• _SUPPLIED INFORMATION_
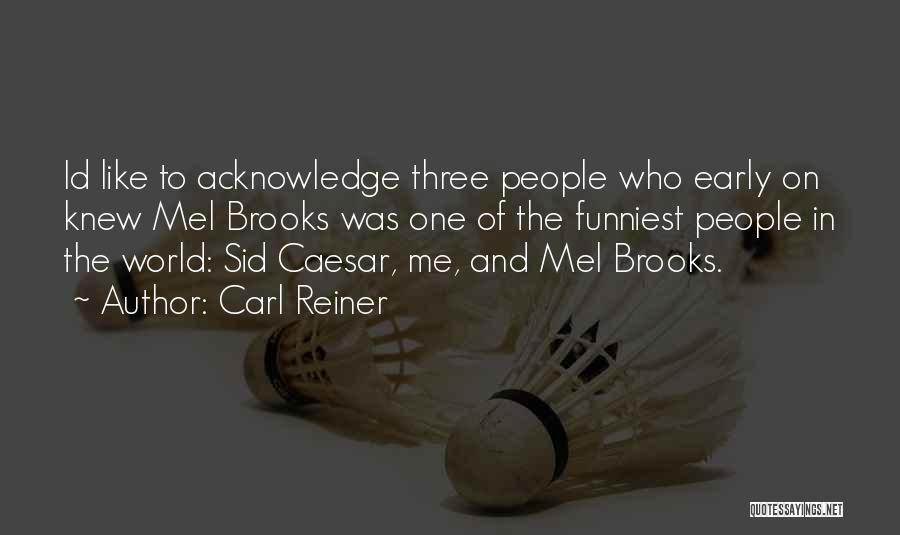 Acknowledge Me Quotes By Carl Reiner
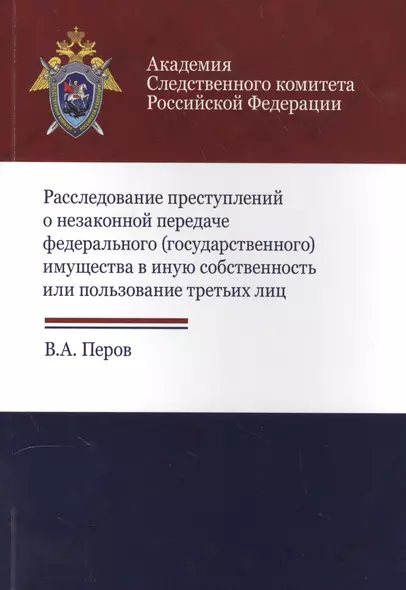 Расследование преступлений о незакон. передаче федер. (гос.) имущества… (м) Перов - фото 1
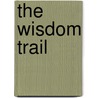 The Wisdom Trail door Julie Hungar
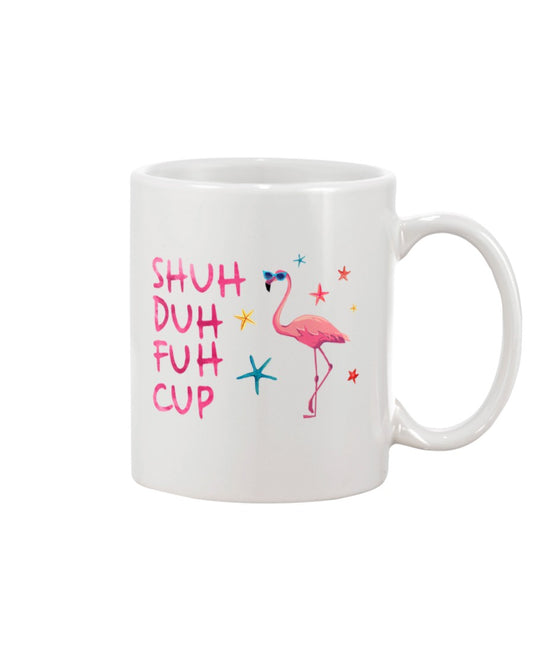Funny Coffee Mug | Flamingo Shuh Duh Fuh Cup | Funny Badass Quotes Drinkware Gift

• _THE PROBLEM_
Could you give the material again exactly as it stands, omitting any image?

• _RESULT BELOW_
 Acknowledge Me Quotes By Carl Reiner
 Расследование преступлений о незакон. передаче федер. (гос.) имущества… (м) Перов - фото 1
 The Wisdom Trail door Julie Hungar
Funny Coffee Mug | Flamingo Shuh Duh Fuh Cup | Funny Badass Quotes Drinkware Gift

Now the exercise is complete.